__WHAT TO DO__.
Reproduce only what runs from the line containing "brownskinbull1 online show" to the line containing "Zara Shoulder Bag by Paired, view 2" in the records below, inclusive. Keep it exact, and keep the pictures out.

### RECORDS TO PROCESS ###

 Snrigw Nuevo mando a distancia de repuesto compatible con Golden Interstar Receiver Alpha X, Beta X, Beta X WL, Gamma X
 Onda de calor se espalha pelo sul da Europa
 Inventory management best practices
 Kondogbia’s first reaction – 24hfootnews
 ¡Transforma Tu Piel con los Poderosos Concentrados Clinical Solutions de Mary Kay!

###
### RECORDS TO PROCESS ###

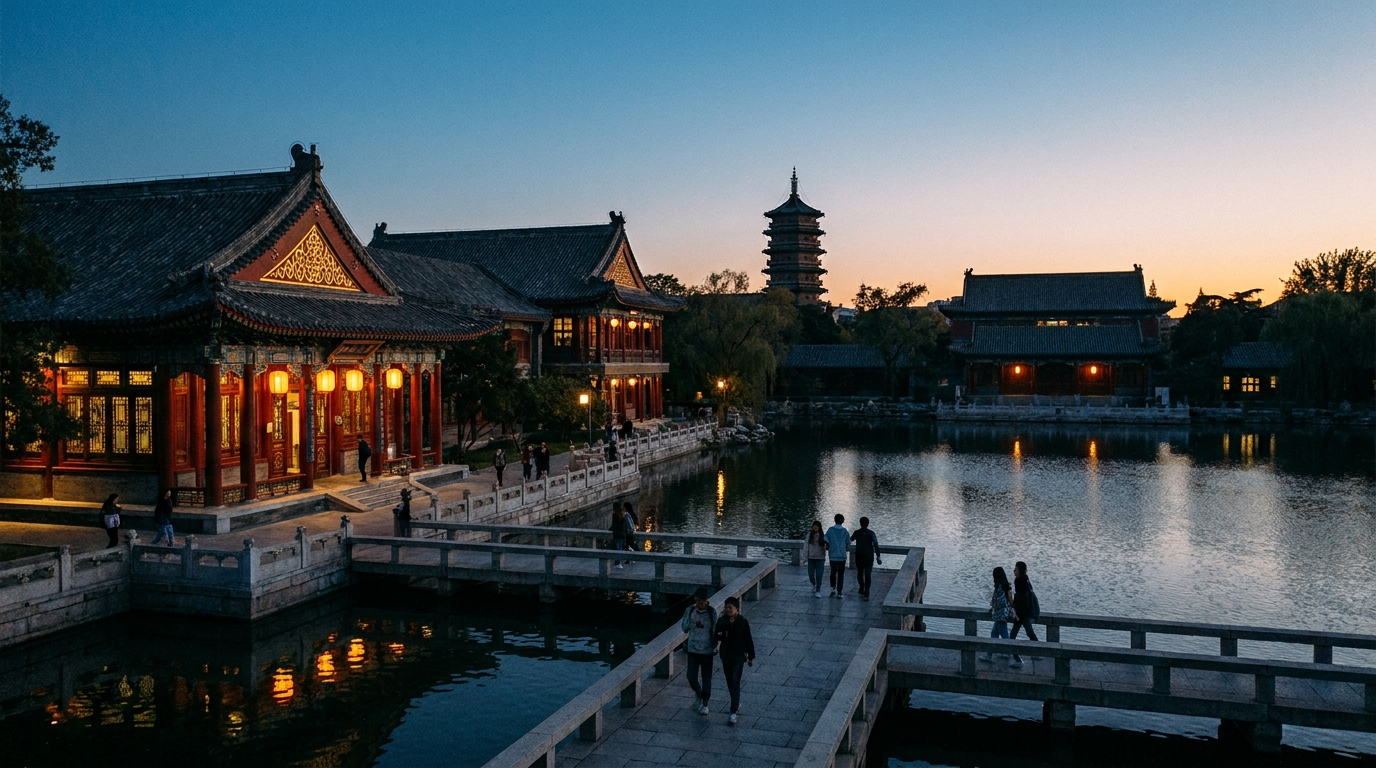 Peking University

###
### RECORDS TO PROCESS ###

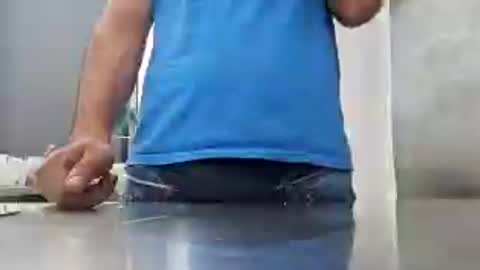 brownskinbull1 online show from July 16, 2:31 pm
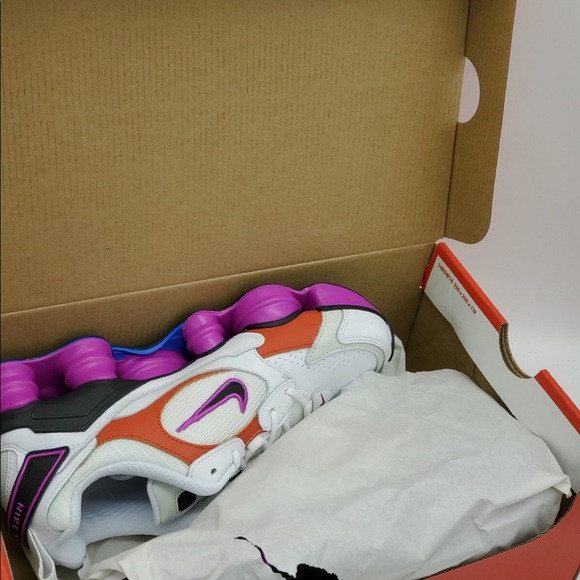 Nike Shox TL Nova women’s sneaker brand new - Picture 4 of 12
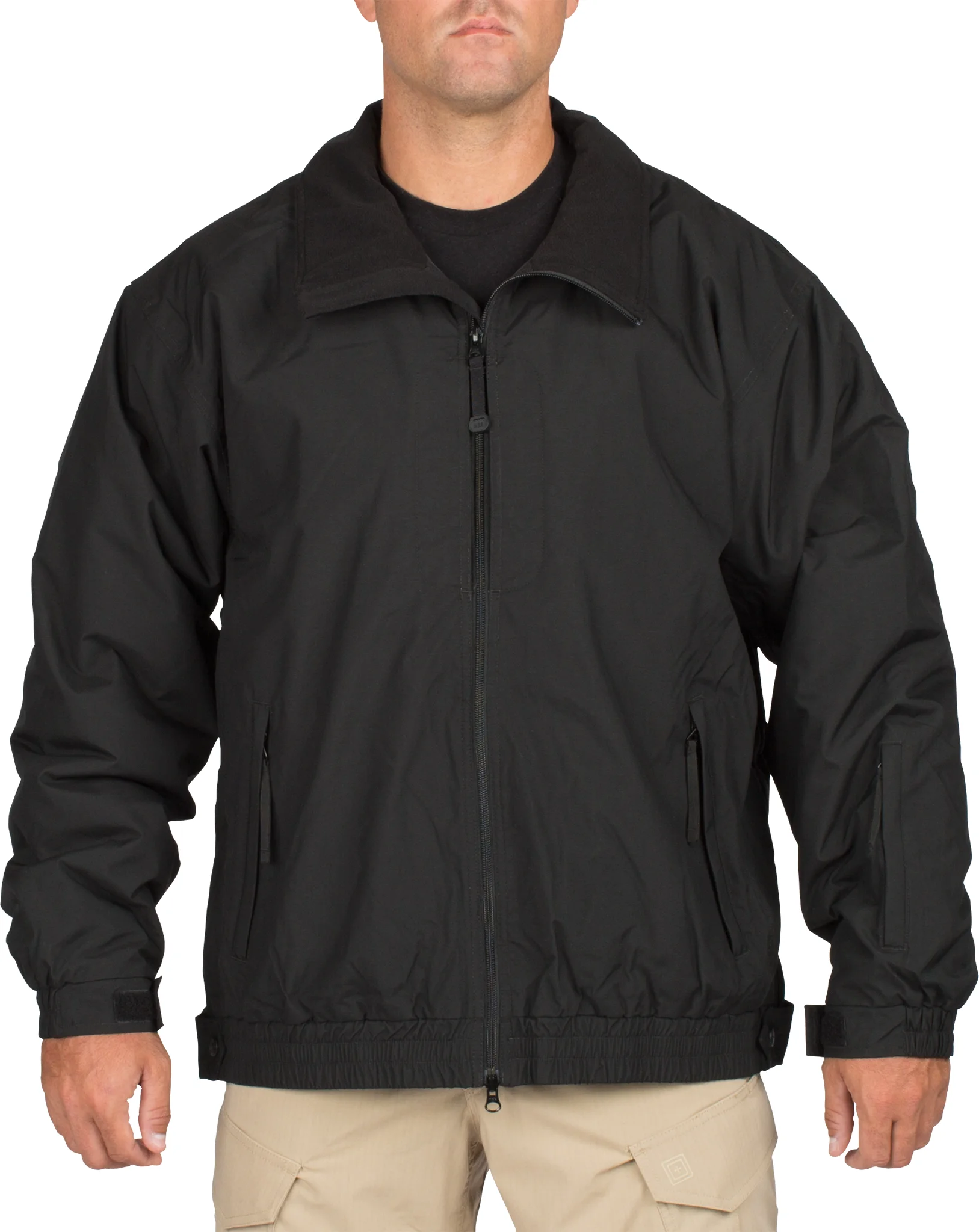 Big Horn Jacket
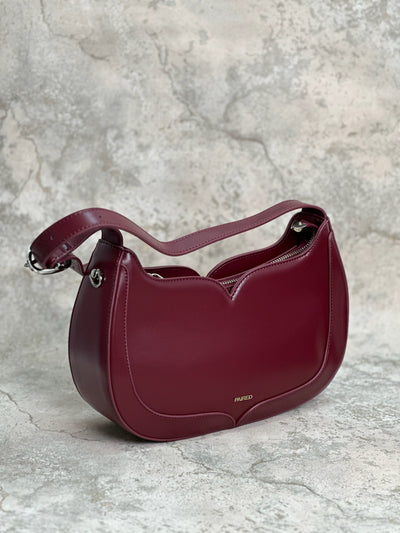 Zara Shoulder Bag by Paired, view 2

###

__TASK OUTPUT__.
 brownskinbull1 online show from July 16, 2:31 pm
 Nike Shox TL Nova women’s sneaker brand new - Picture 4 of 12
 Big Horn Jacket
 Zara Shoulder Bag by Paired, view 2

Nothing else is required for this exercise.